当初聞きたかった「諦めちゃうことだって、叶わないことだってあると思うんだけど、そこらへんはどうお考えですか」をぶつけることはしなかった。
だって彼は夢を諦めたことも叶わなかったことも体験している。講義の中で教えてくれた。
だから代わりに「水泳の夢を諦めたとき、その夢とどう向き合いましたか?」って聞いた。彼は笑いながら水泳で上を目指すことを諦めて公園で遊びまくった時の話をしてくれた。
そして「諦めたから出会った人や今の環境がある。ひとりではたぶん無理だったけど、周りが変えてくれた」と。
録音しときたかったな。あの言葉が、全部とは言わないけど、私の抱えていたもやもやをほとんど倒してくれた。
ああそうだ、私も諦めたから今の友人と出会えて、この環境に居られているのだと、素直にそう思えた。
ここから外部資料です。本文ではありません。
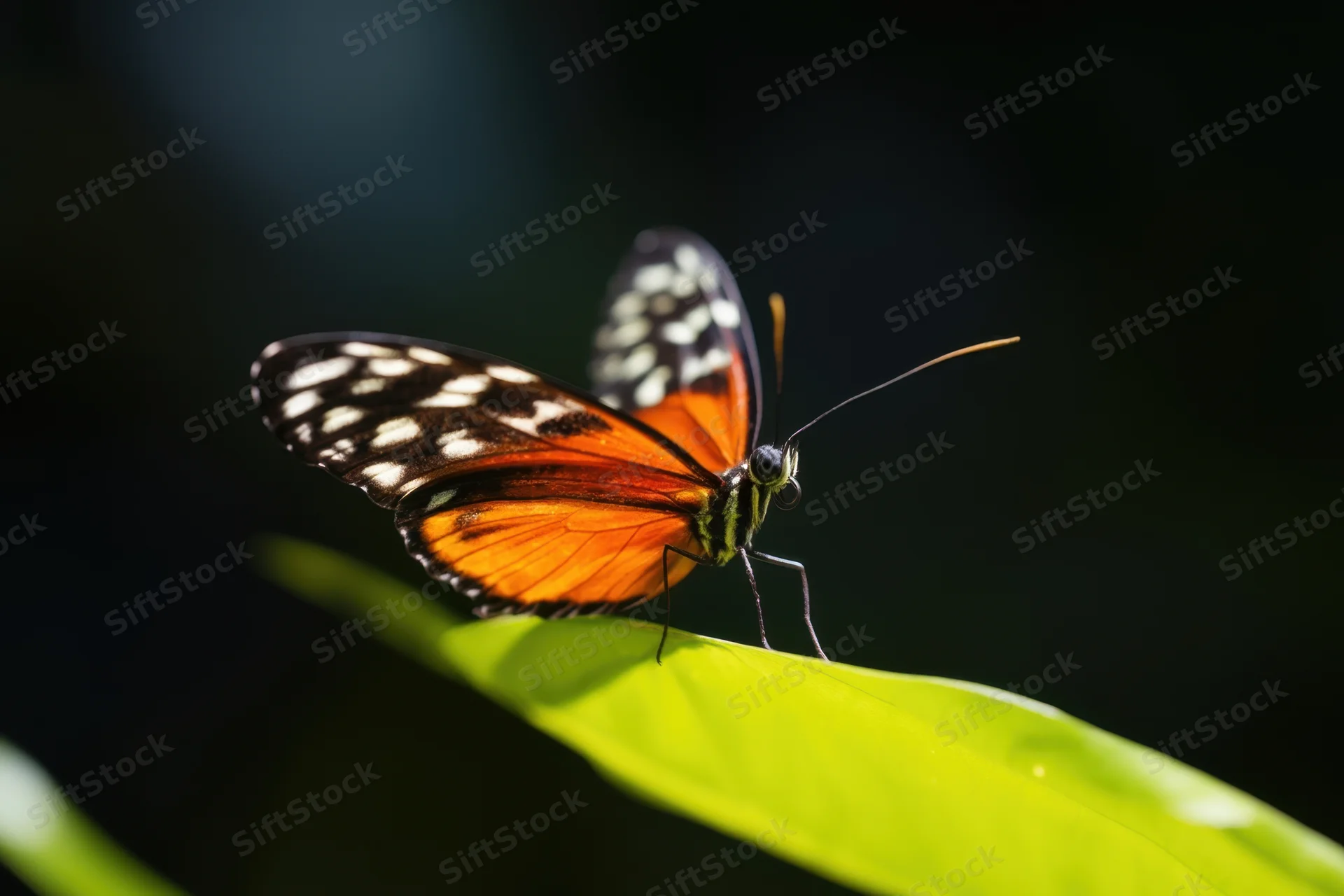 Orange butterfly with black and white wing markings perched on a green leaf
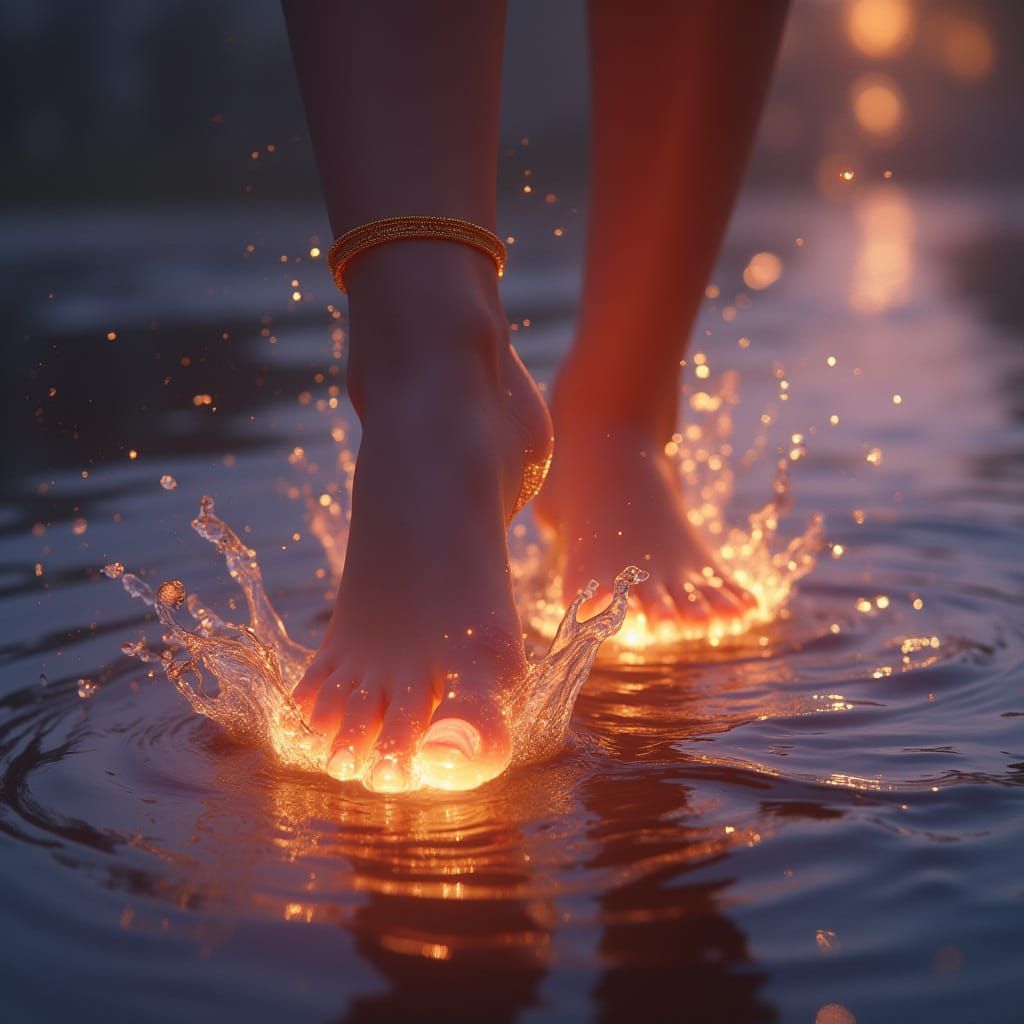 Golden Feet Dance on Sunset Puddle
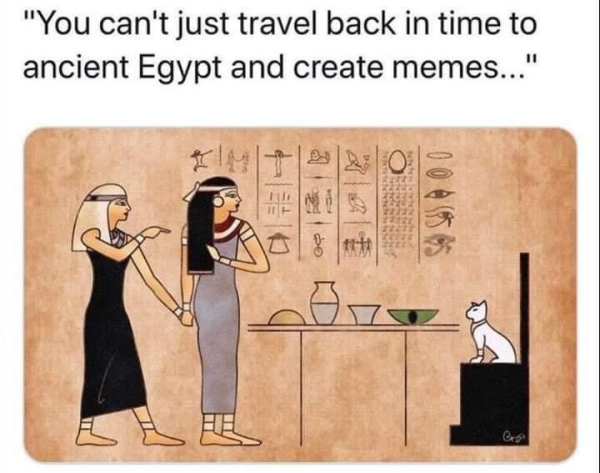 Meme in the style of Egyptian hieroglyphs of the blonde woman pointing a finger at the white cat, as the brunette woman holds her back.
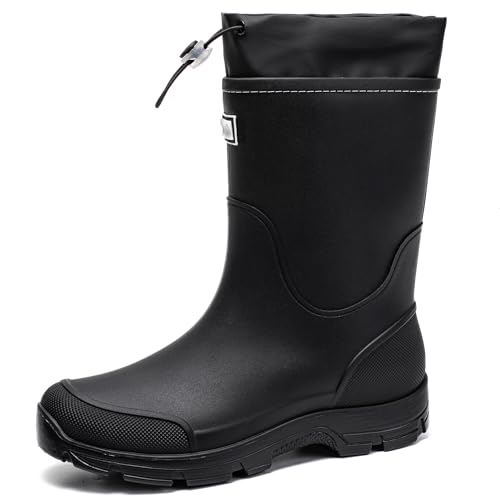 Image of WOWSTICK Waterproof Rain Boots for Men and Women Lightweight Slip Resistant Fishing Deck Garden Mid-calf Outdoor Work Booties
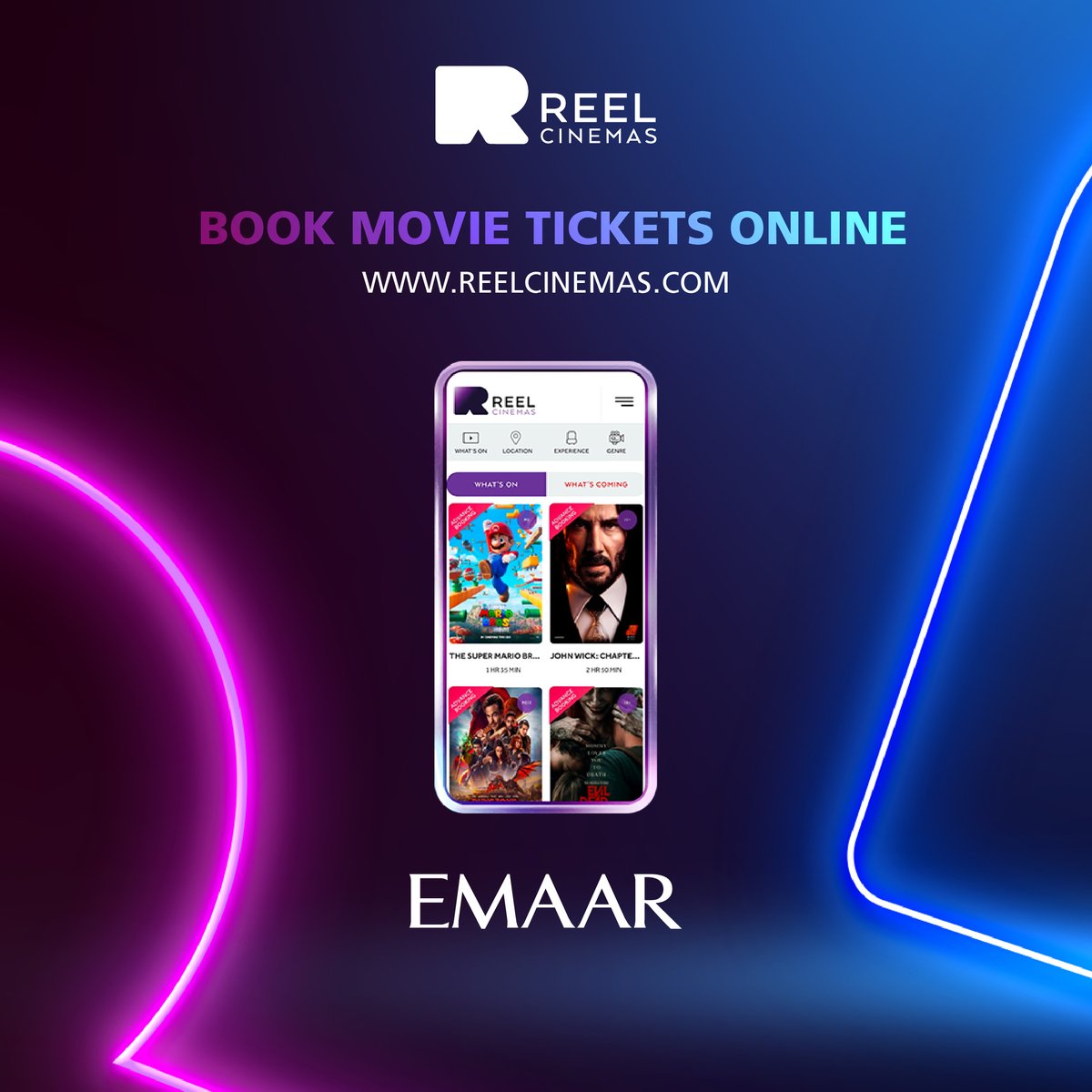 ReelCinemasKSA's tweet photo. Book your favorite movie online with Reel Cinema KSA 🎬 🍿
#ReelCInemasKSA #BeREEL https://t.co/h7w2ei9nw7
そういえばダンスを諦めたあと、高校生の私は「看護師になって東京でいっぱい稼いでめちゃめちゃオタクする」という目標を立てたんだった。忘れてた。あれもたぶん夢といえば夢だったしそれはバッチリ叶っている。
最後に自分の夢を書いた色紙の裏にTETSUYAさんがサインをしてくれて、みんなでEXILEのki・mi・ni・mu・chu-を踊って、講義は終わり。
踊る時にお手伝いに来てくれてたのが通っているフィットネスクラス(これもTETSUYAさん監修)のイントラさんだったから最高に気まずかった。なんでお前こんなとこで大学生してんねんって絶対思われてた。つらい。
無事講義を受けるという目標を達成したので、私は9月の前期終了とともに大学を退学した。
夢と言うには大げさかもしれないけど、「大学で講義を受ける」という目標掲げて達成する中で、夢を叶えるプロセスをすこし体験出来たような気もする。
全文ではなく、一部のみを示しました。